The woman gestures vaguely at the dimly lit main space of The Lexington, a bar that has been hosting an incredible array of extreme bands on the metal/doom/death/grind spectrum for some time now, located just on the precipice of Skid Row downtown. With hardcore in ascendance, metal underground metal is seeing a fervent and incredible proliferation of talent that is going largely unnoticed at the moment, but The Lexington seems to be catching every single metal band of note. This night was no different, boasting the last night of Vale’s national tour, supporting Velnias, and two local bands–Bourne Ultra and Northwind Wolves.

As someone who has only recently begun to truly appreciate metal and not just the niche subgenres that run up against my other tastes, it’s fun to be an outsider to the scene. Metalheads seem to alternate between a vague embarrassment and a frightening earnestness when it comes to their genre of choice. Northwind Wolves, who put on a technically ferocious show with their blend of tech-death and symphonic black metal, embodied this in particular, introducing their morbidly-titled songs with sheepishness, before absolutely shredding.

With Vale, it was like a light switch. After asking politely about their lights, vocalist Kate Coysh quietly folded her Milo glasses and placed them carefully in her leather vest, and closed her eyes. The music started. When she opened them it was like she had been possessed–her eyes, wide with manic intensity, stared out like she meant to swallow your soul. She made small, esoteric gestures that drew you further into the performance all backed by a quartet of musicians that played at the top of the game.
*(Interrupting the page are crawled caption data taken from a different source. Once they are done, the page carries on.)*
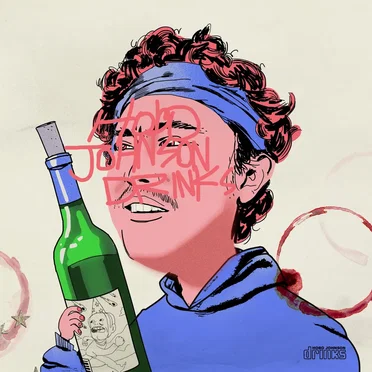 HOBO JOHNSON DRINKS! by Hobo Johnson - album cover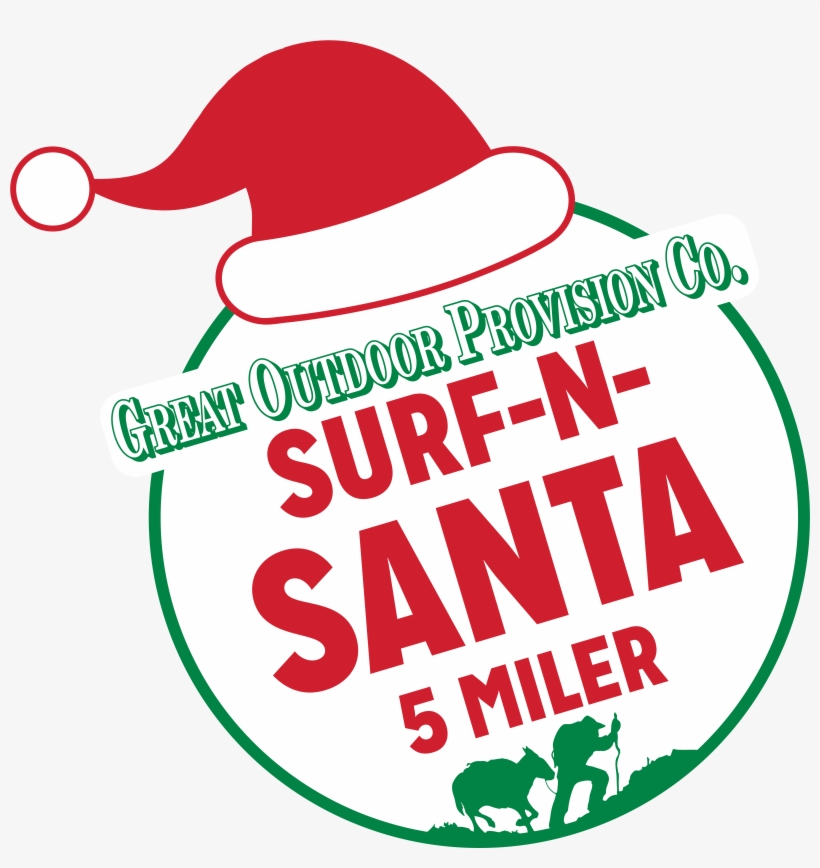 Santa Says Treat Yourself Logo, transparent png download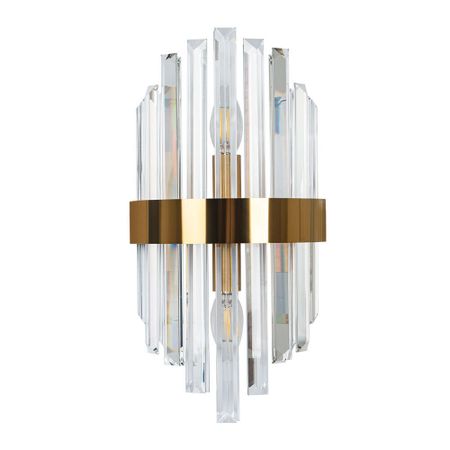 Бра Arte Lamp Fedelta E14 80 Вт 220 В медь IP20 (A1068AP-2PB) бра arte lamp almaaz светодиодное 12 вт 230 в медь 4000к ip20 a2564ap 1pb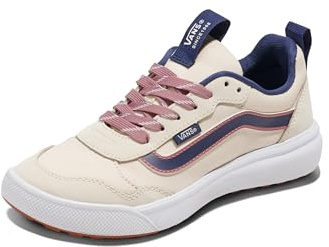 Vans Women's Range EXP Shoe - Athletic Fashion Sneakers for Walking, Comfortable. Retro Sport Deep Twilight. 9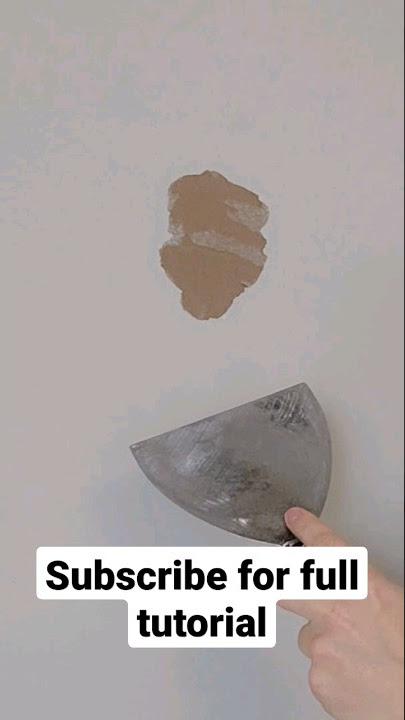 How To Fix Peeling Drywall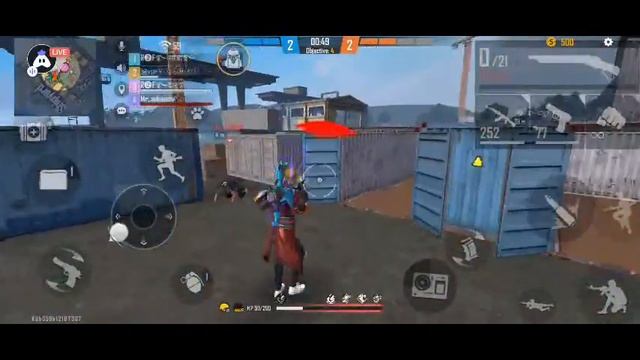 Free Fire Live Stream Gameplay With Subscribers With SODA Power Vishal FF 555 смотреть онлайн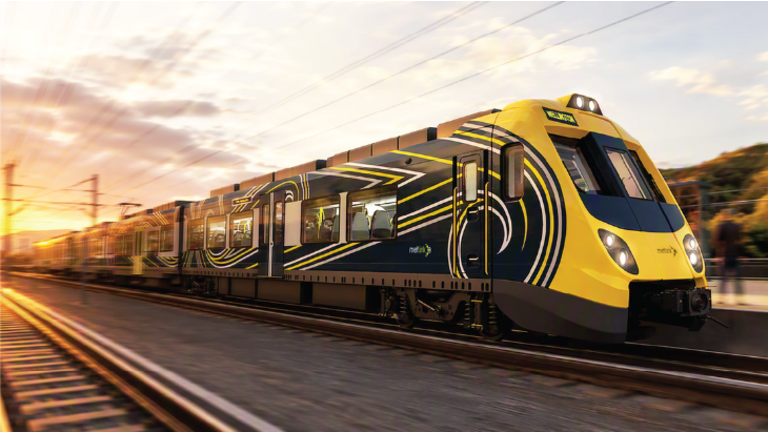 Alstom reveals full-scale model Southern Hemisphere’s first battery-electric passenger train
Drummer Justin Ennis, in particular, though cramped at the very back of the claustrophobic stage, made his presence felt through understated and absolutely killer drumming–his precision and writing choices really coming to the fore in the live setting.

Some bands just have ‘it’–a presence and gravity that is an alchemy thats impossible to replicate. Vale has it leaking out their ears. They might have started the night off wanting to spin their web in the shadows, but this is a band destined for much, much bigger things.